Before any file lands on cloud storage, Skypost encrypts it with AES-256-GCM. Each folder gets its own random data-encryption key, wrapped twice — once with a key derived from your folder password, then again with a master key that lives only on Skypost's servers.
Encrypted files live in private cloud storage. There is no public bucket, no listing, no direct URL. When you or a recipient open a file, Skypost streams it through our servers and decrypts it on the fly.
Files are stored under random IDs, not under your filename, so even storage-level metadata gives nothing away.
How access is controlled
Who gets in, and how we stop the people who shouldn't.
Every folder gets a unique three-word password (e.g. anchor-velvet-river). Easy to share verbally, hard to guess, and rotated through a cooldown pool so the same one isn't reused on a new folder for a long time. You can also set your own.
Repeated wrong-password tries on a folder are slowed down and then blocked, so a bot can't brute-force the three-word combination. Every failed attempt is logged.
For very sensitive transfers, switch a folder to 'secure URL' mode. Recipients then need both a long, unguessable link and the folder password to get in. If the link leaks in a forwarded email, the contents stay protected.
Free folders expire after 7 days. Paid plans extend that to 30 or 90 days. Once a folder expires, the link no longer works and the encrypted bytes are scheduled for deletion.
When you archive a folder from your dashboard, the link stops working immediately. If you ever revive it, Skypost re-wraps the encryption key with your new password — old passwords can't unlock revived folders.
How accounts are protected
Login security for the people who do sign in.
We store a one-way bcrypt fingerprint, not the password itself. Strong passwords are required from the start.
Repeated wrong-password attempts on the same account are rate-limited and then blocked.
If we ever need to suspend an account, the next login attempt fails and the user is told to contact support.
Sign-in tokens last 7 days. Folder unlock sessions last 1 hour, then you'll need to re-enter the password to download more files.
How teams stay separate
Your data sits in its own bubble.
Every folder, member, brand setting and audit row belongs to a single team. There is no shared path between teams — you cannot see another team's data, and they cannot see yours.
Inside a team you can assign Owner, Admin or Member. Members upload and download. Admins manage folders and members. Owners also control billing, branding and your custom domain.
What we track, and what we don't
Privacy by design, not just by promise.
When we log activity — folder access, login attempts, share clicks — we hash the visitor's IP first with SHA-256. Raw IPs are never retained.
Folder pages do not load Google Analytics, Facebook pixels or any third-party trackers. The only event we record on a folder is the share-button click, so the folder owner can see how their link travelled.

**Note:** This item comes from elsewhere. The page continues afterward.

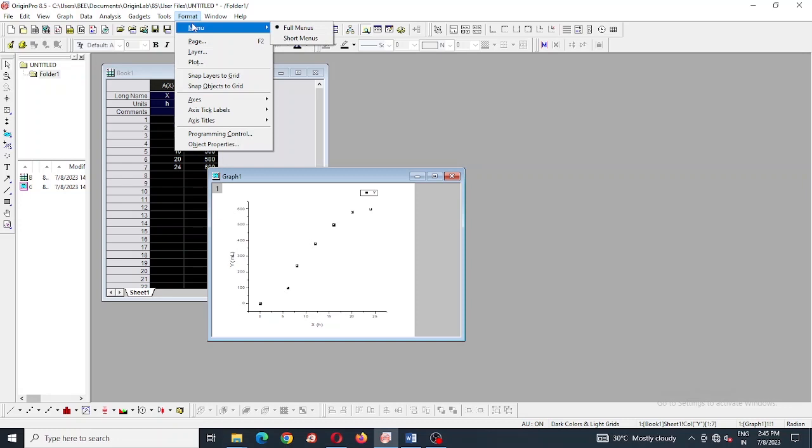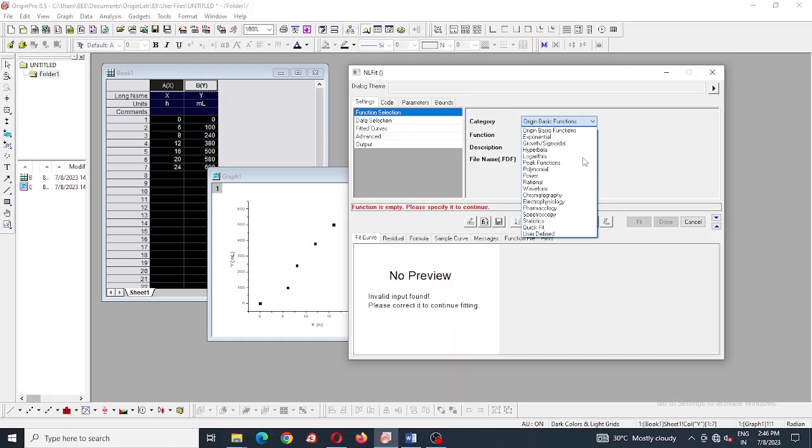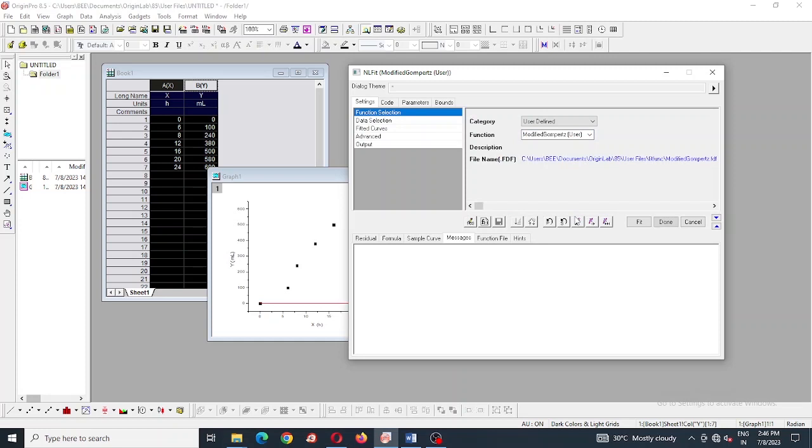So go to analysis, then fitting, and nonlinear curve fit. Next, user defined function, and select the function modified Gompertz equation, what you have created.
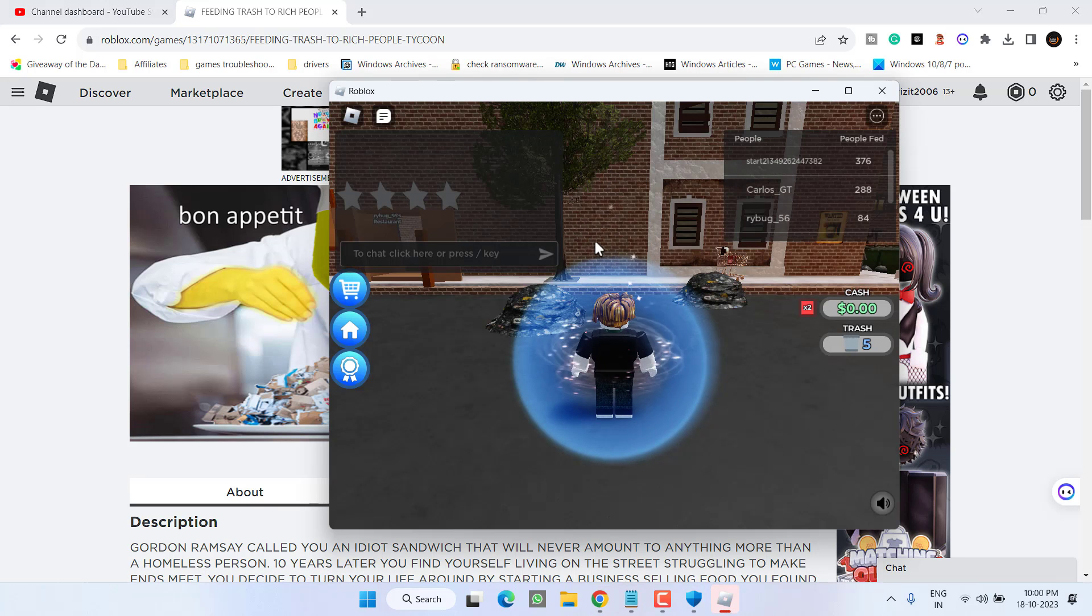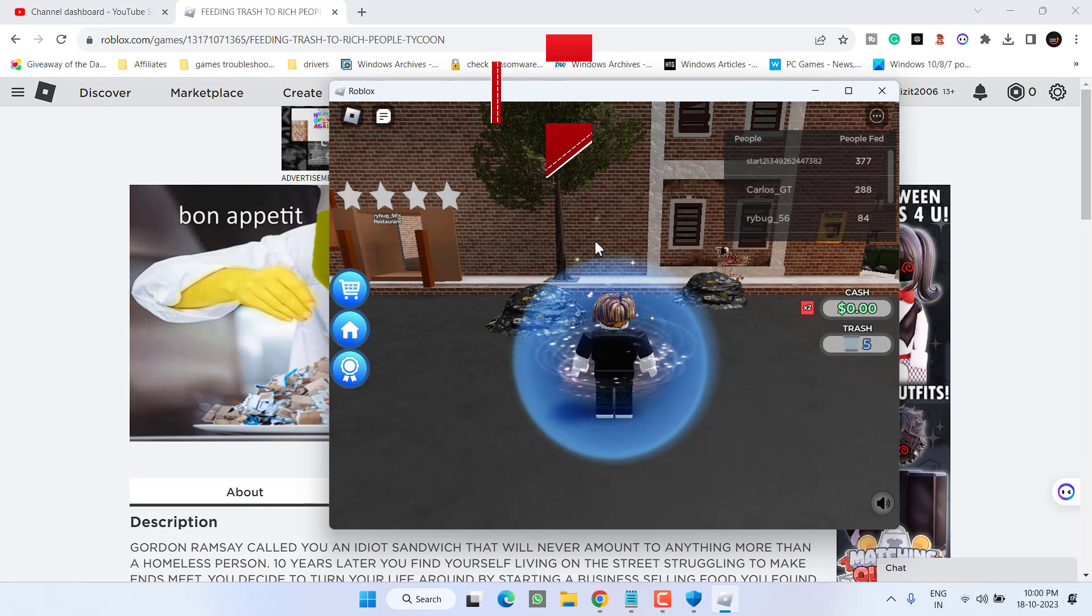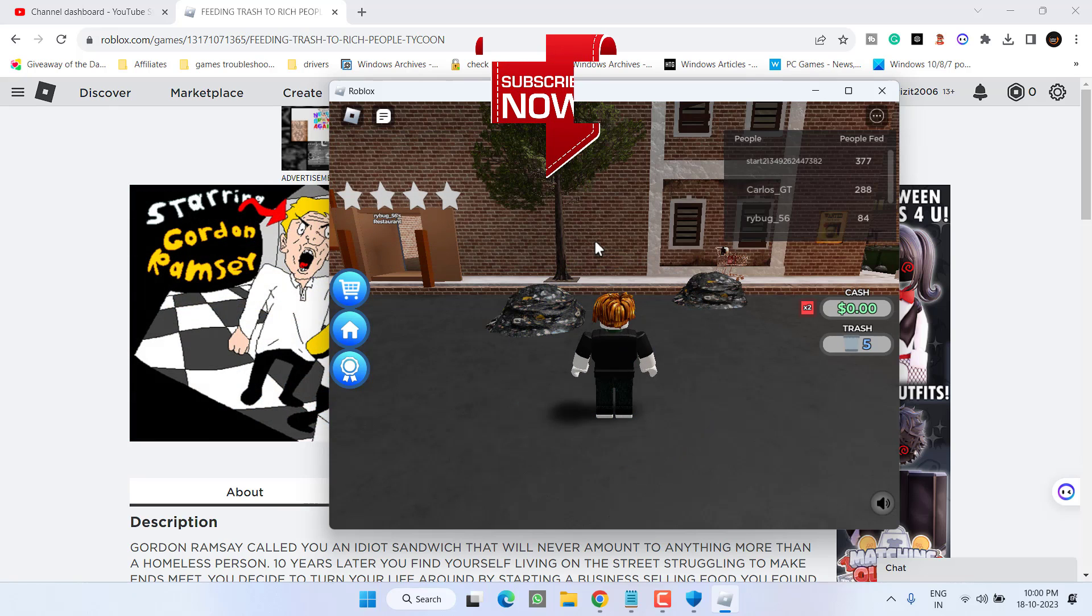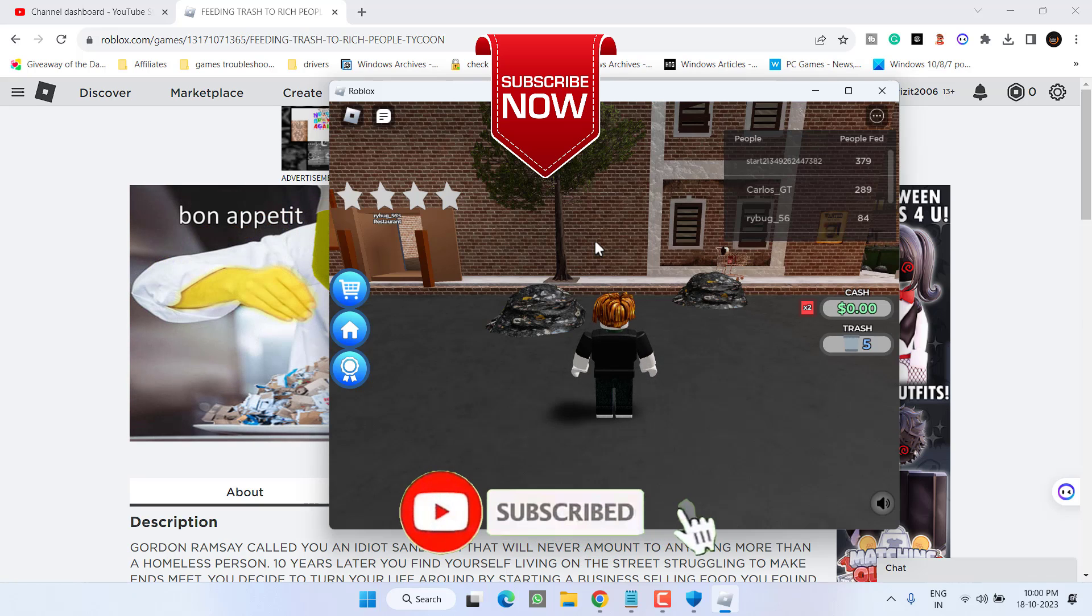And now you can see the Roblox has started and this will completely fix the issue of Roblox injection failed DLL not found. So as of now this is all about it friends. If this video works out for you...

Folder creation, opens, downloads, password attempts, archives, member changes and more are written to an audit trail with timestamps and a hashed IP, so account holders and team owners have a clear record.
What we do not claim
Skypost is built for convenience: we generate the three-word password and show it on the folder page, so the platform itself stores it. That means files are technically recoverable by Skypost staff with full server access. We never read your files except where required by lawful process or to investigate abuse, and the encryption-at-rest model means a single-system breach (database alone, or storage alone) reveals nothing on its own.